Mississippi Blacks are Looking for Payback in Cochran Win

Thad Cochran

The Mississippi Republican was about to lose his seat to a Teapot favorite, so he did the unthinkable and pandered to the black community, normally a strong Democratic voting block, and got them to write his name down on the ballot. Now that he’s won, these Democrats are wondering what exactly will Thad Cochran do for the black community in Mississippi.

Various members of the Congressional Black Caucus that represents a large section of this voting block are already speaking up.

“Absolutely we have expectations,’’ Rep Marcia Fudge (D-Ohio), said in an interview.

“My hat is off to Sen. Cochran for being as desperate as he was, to actually go out and up front got out and ask for those votes,” said Rep. Hank Johnson (D-Ga.). ” Those votes were delivered and I’m hopeful he will be responsible and responsive to the voters that pushed him over the top.”

Rep. Emanuel Cleaver (D-Mo.) agreed that Cochran has an opportunity to support the black community.

“What I hope happens is that he comes to the realization that African Americans are the reason I have this final six years and therefore I’m going to try and be more responsible than I have been,” Cleaver said.

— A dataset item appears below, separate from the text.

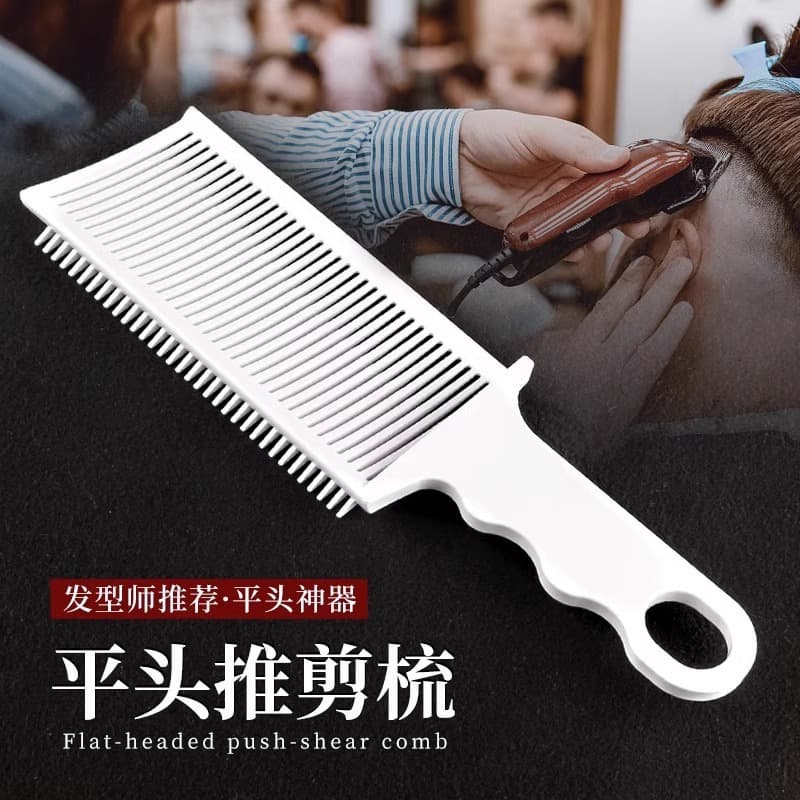 Men's Barber Oily Hair Comb, Flat Head Push Cut Hair Assistant Tool, Limit Comb, Edge Trimming, Styling Gradient Spatula Comb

Their sentiment was echoed around the capitol and in Mississippi following Cochran’s win over tea party favorite Chris McDaniel, fueled by surge in black voters in the Mississippi Delta. Turnout increased overall in Mississippi for the runoff, but counties that are majority black like Jefferson County saw voters came to the polls in record numbers.

But how realistic is it, to expect a Republican to do the right thing? Should these Democrats think that in today’s partisan atmosphere, a Republican would even consider policies that benefit the voters who put him in office? Especially when those voters are Democrats… and black?

These Democrats may be in for a rude awakening. They should have found out what Cochran and his party stood for and the polices he’ll more likely support, before casting their vote.

But then again, the alternative was a Teapot.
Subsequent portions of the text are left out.